Overview
An aerospace manufacturer kept debating whether parts should be made conventionally or produced through additive manufacturing without a consistent basis. Buyers compared quotes, engineering weighed manufacturability, and the additive lab tracked printer queues in isolation. Intelligex implemented a cost and lead time decision model that pulled routings and work centers from Enterprise Resource Planning (ERP), supplier lead times from sourcing records, and printer capacity and post-processing steps from the additive queue. Exceptions flowed through engineering approvals. Teams made make-versus-print calls on shared facts, downstream changes decreased, and schedules stabilized.
Client Profile
- Industry: Aerospace and defense components
- Company size (range): Multi-plant operation with centralized additive manufacturing capability
- Stage: Mature ERP and Product Lifecycle Management (PLM); growing additive footprint
- Department owner: Procurement, Supply Chain & Logistics
- Other stakeholders: Engineering and PLM, Additive manufacturing lab, Supplier quality, Program management, Finance/controlling, Quality and certification, IT applications
The Challenge
Programs needed fast decisions on whether to route parts to existing suppliers, manufacture internally with conventional processes, or use metal and polymer additive manufacturing. Each function brought a different data set. Buyers had supplier quotes and minimum order quantities; planners had standard times in routings that were not always current; the additive team had a separate view of machine time, build packing, and post-processing; engineering weighed geometry, tolerances, and material performance. Decisions dragged on, and late reversals caused rescheduling and rework.

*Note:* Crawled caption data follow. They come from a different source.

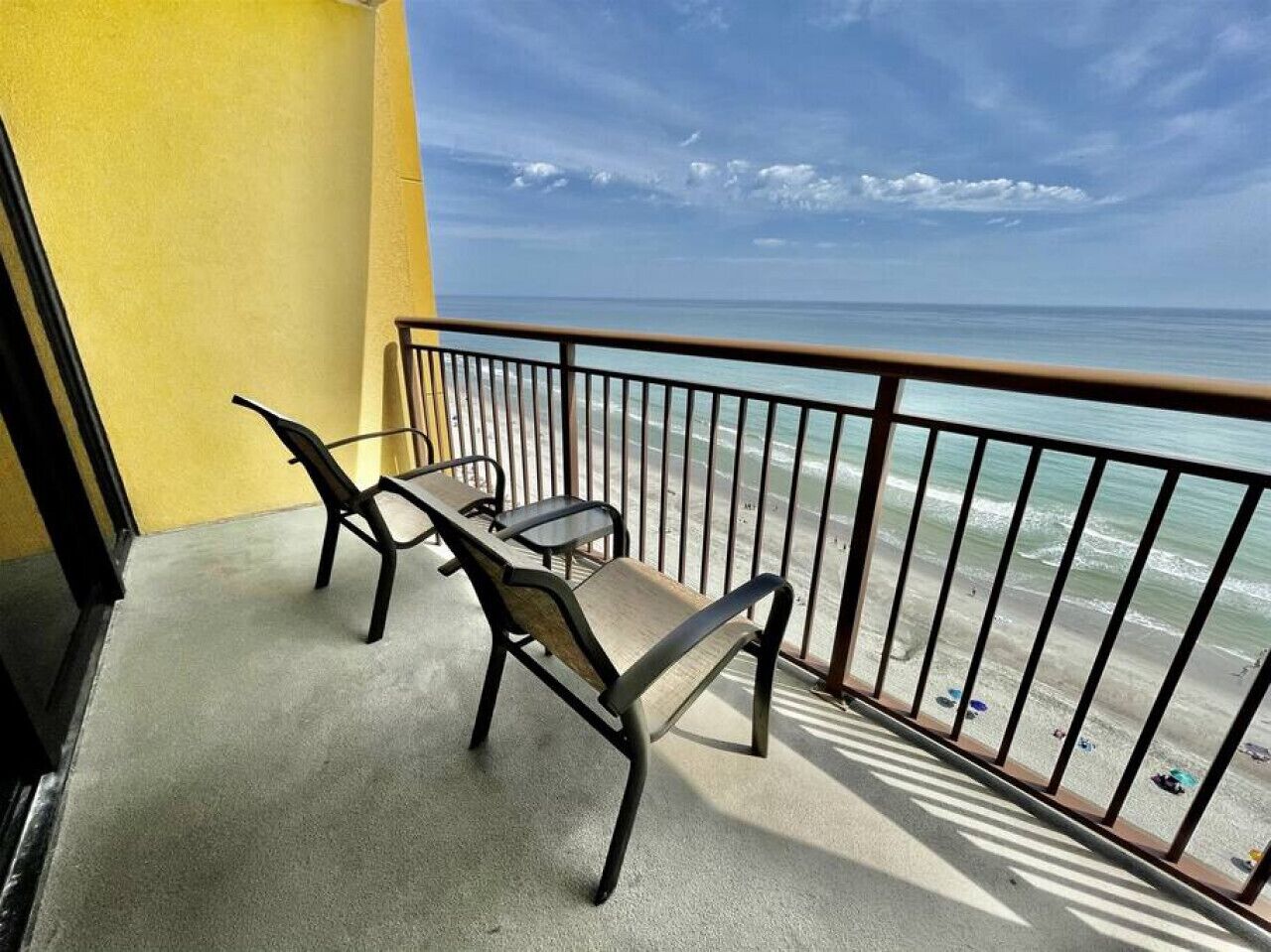 A balcony with two chairs and a table, overlooking a beach with clear skies.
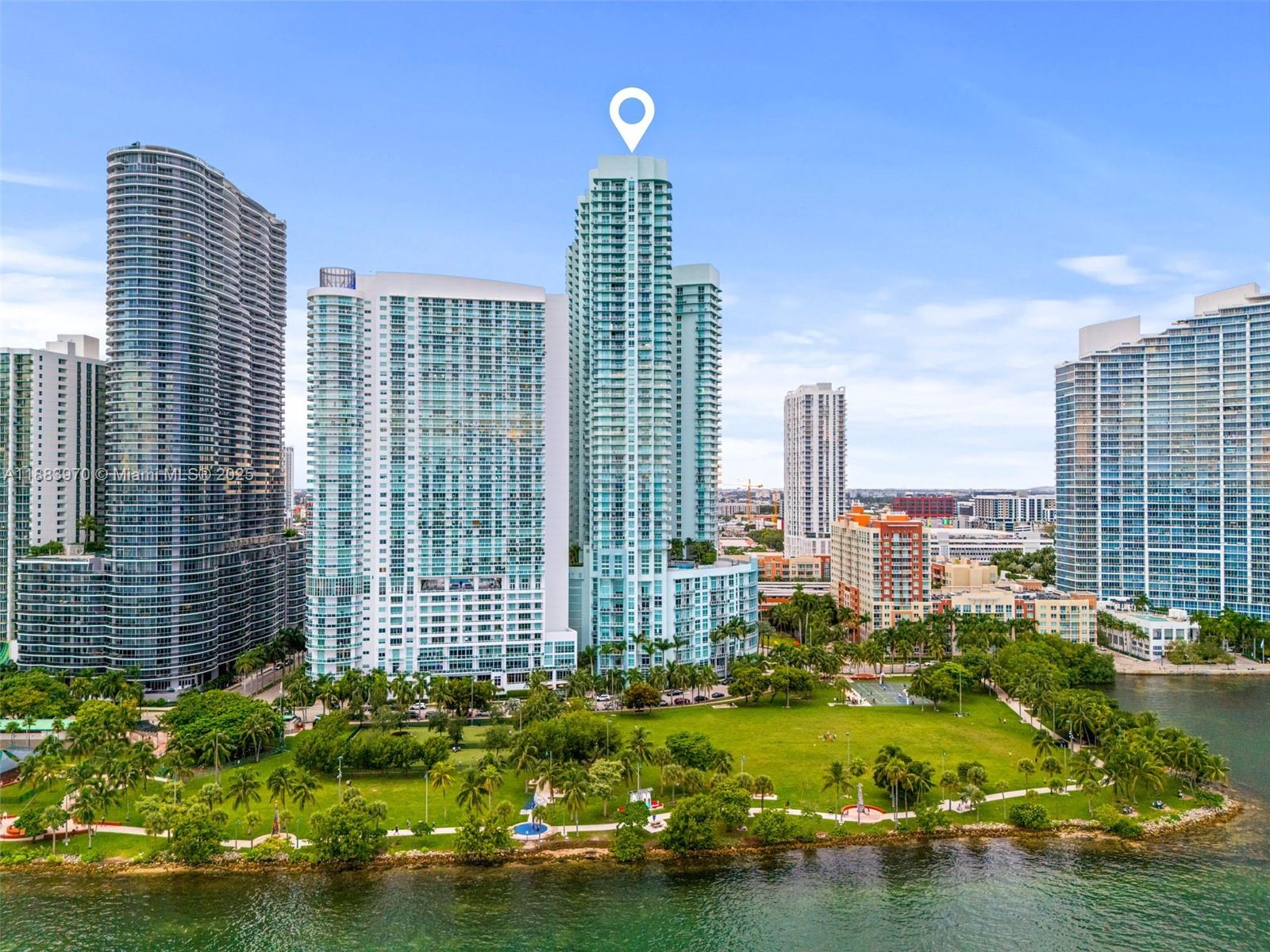 This charming condo unit located on the 40th floor comes with an incredible panoramic view of Biscayne Bay and the Miami Skyline! Tile flooring, 2 large bedrooms, 2 1/2 bathrooms, and a spacious wrap-around balcony to enjoy the view, especially during sunset. Unit has an open floor plan. This condominium provides amazing amenities, including 24-hour concierge and security, valet parking, two swimming pools, a two-story fitness center, sauna, club room, art gallery, theater room, and convenience store. Walking distance from Wynwood, Midtown, and Brickell. Don't miss it!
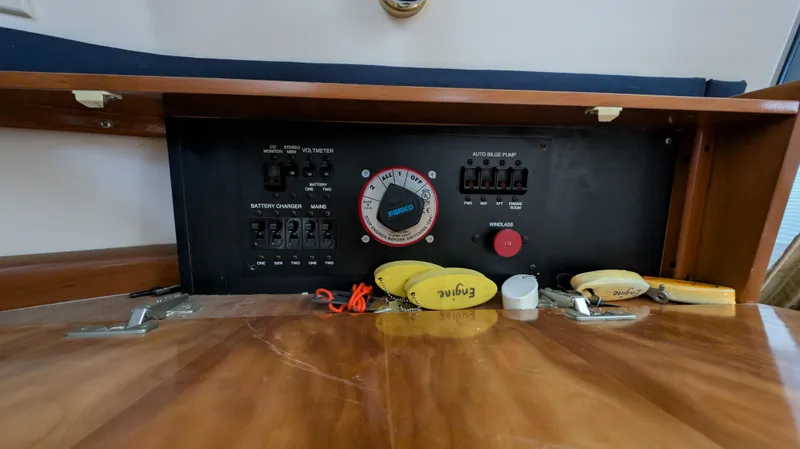 Slide: The Image of Control panel of 2002 Carver 350 Mariner with switches and gauges. - 38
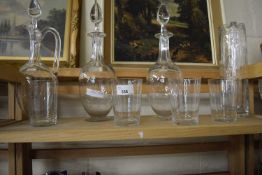 A pair of star decorated decanters together with another similar, four tumblers and a jug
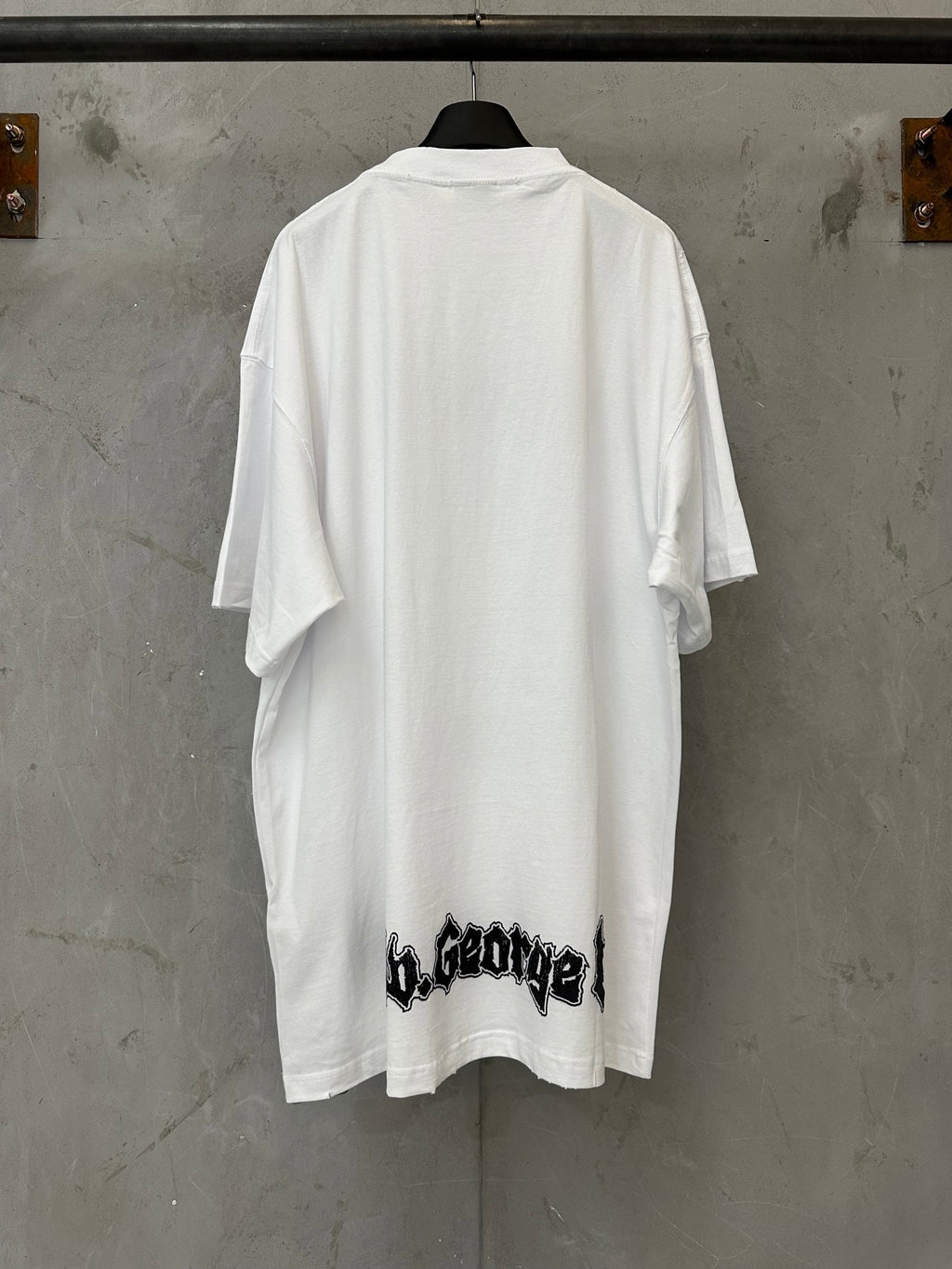White graphic T-shirt with crew neck and short sleeves, back view
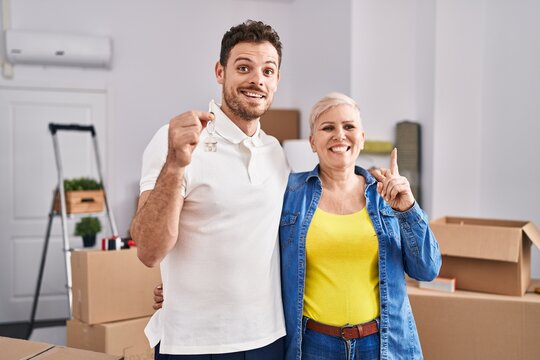 Hispanic mother and son holding keys of new home surprised with an idea or question pointing finger with happy face, number one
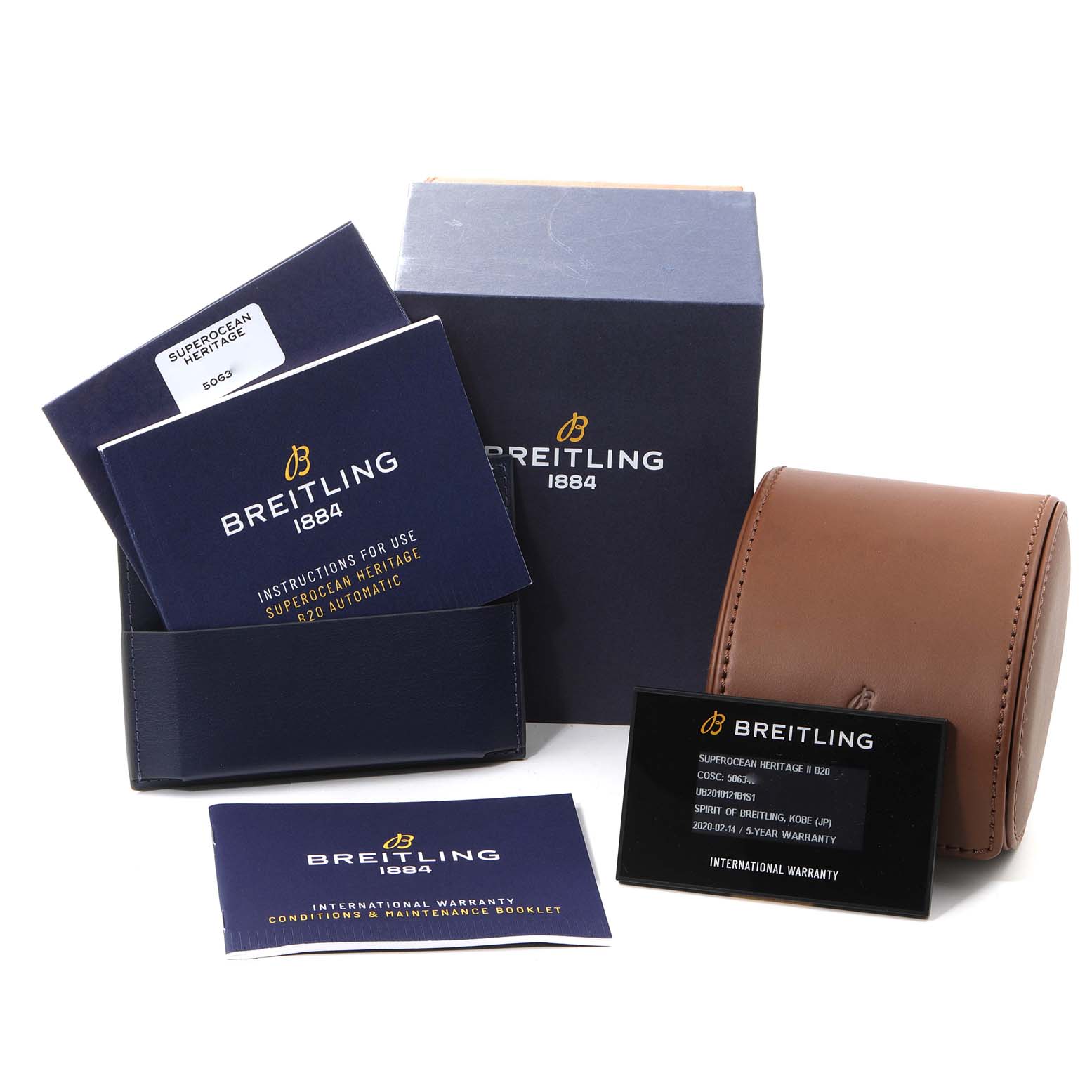 This image shows the packaging, documentation, and accessories for the Breitling Superocean UB201012/BG53/154A Men's Steel and Gold (two tone) Black Dial UB201012/BG53/154A Men's Steel and Gold (two tone) Black Dial model, including manuals, boxes, and warranty card.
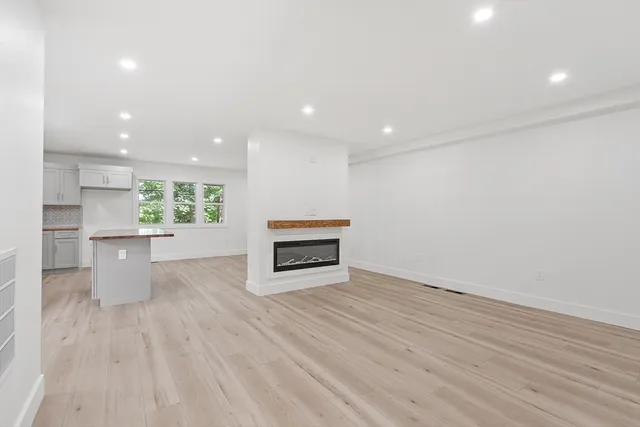 a view of kitchen and empty room with wooden floor and windows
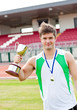 Delighted male athlete holding a cup and a medal standing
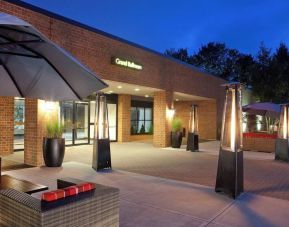 Outdoor seating at night at Boston Marriott Burlington.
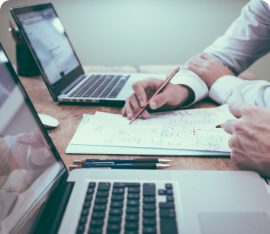 Two laptop keypads and a shared notepad between them with two researchers collaborating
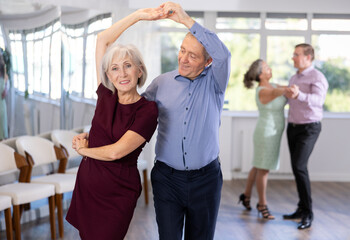 Senior man and elderly woman are dancing classic version of waltz in couple during lesson at studio. Leisure activities and physical activity for positive people.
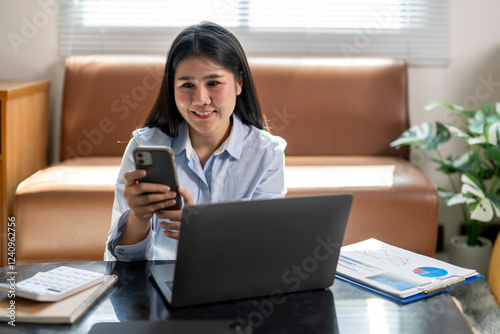 A woman is sitting on a couch with a laptop and a cell phone in front of her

Replacing core systems was not on the table. The ERP managed items, routings, work centers, purchasing, and cost rollups. PLM held CAD, Bills of Materials (BOMs), and changes. The additive lab scheduled builds through a standalone queue and slicer workflow. None of these systems owned a unified compare-and-commit process or ensured that constraintsqualification status, inspection plans, or certification needswere applied consistently. The team needed a single model that translated design and demand into credible cost and lead time options and a governed way to approve exceptions.
Why It Was Happening
Data lived in silos and at different levels of detail. ERP routings and work center rates reflected batch machining and finishing but did not cover additive post-processing steps end to end. Supplier lead times were updated during sourcing events and drifted between quotes. The additive lab tracked machine hours, powder changes, heat treat, support removal, and inspection separately. Without a canonical model, each decision was a one-off analysis.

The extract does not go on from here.